In the meantime, Hatcher has proven himself to be a capable politician in just two years in public office, and the man doesn’t lose races. If he also has the backing of the Reed machine in the Montgomery area that might prove decisive. Likely, he, like Daniels, wouldn’t run if Reed declared in the race. Consultants who spoke with APR said they were mostly taking a wait-and-see approach with Hatcher because, as one put it, “there’s just too much unknown about him and how he’d handle a congressional race.”
Ross, meanwhile, is a whole different potential candidate. Like Daniels, Ross is a former school teacher with deep ties to almost the entire district.

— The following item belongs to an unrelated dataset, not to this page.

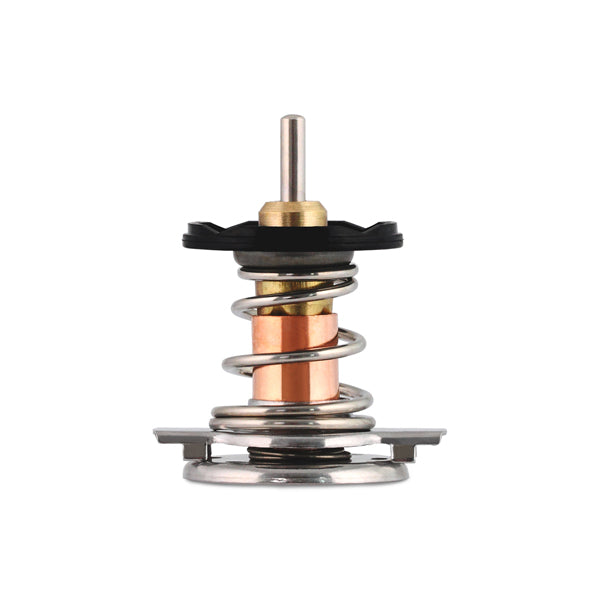Mishimoto Thermostat, Low-Temp, Set of 2, fits Ford 6.4L Powerstroke 2008-2010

He’s well-liked and had a very successful history of fundraising and working with the business community while in office.
Those relationships have continued in his position as president at ASU, and his success in leading the university out of a terrible financial situation and into one of the longest periods of stability and growth in recent history will bode well. In today’s political climate, it’s unclear whether Ross’s absence from state politics would be a plus or minus, although the consultants mostly leaned towards the latter. “There are certain connections that you don’t make when you’re on the outside that would help you,” one consultant said.
Still, most found a potential Ross campaign to be very intriguing. Even if the ASU president has given no indication that he’s seriously considering a run. In fact, of the nearly dozen people who spoke with APR, no one was quite sure where the rumors of Ross’s interest came from or when they started.
“But if he finds out everyone thinks he might have a shot, I’ll bet he takes a look,” one consultant joked. “Why not? Everyone else is looking.”
While the race appears to lean heavily Democratic, it’s unwise to think Republicans will not mount a forceful counterattack to keep control of the district.
ALGOP Chair John Wahl and national Republican interests have vowed to hold the seat at all costs, setting up what could be the most expensive congressional race in Alabama history.
For now, all eyes are on Reed, as his decision will likely prove determinative of future Democratic candidates.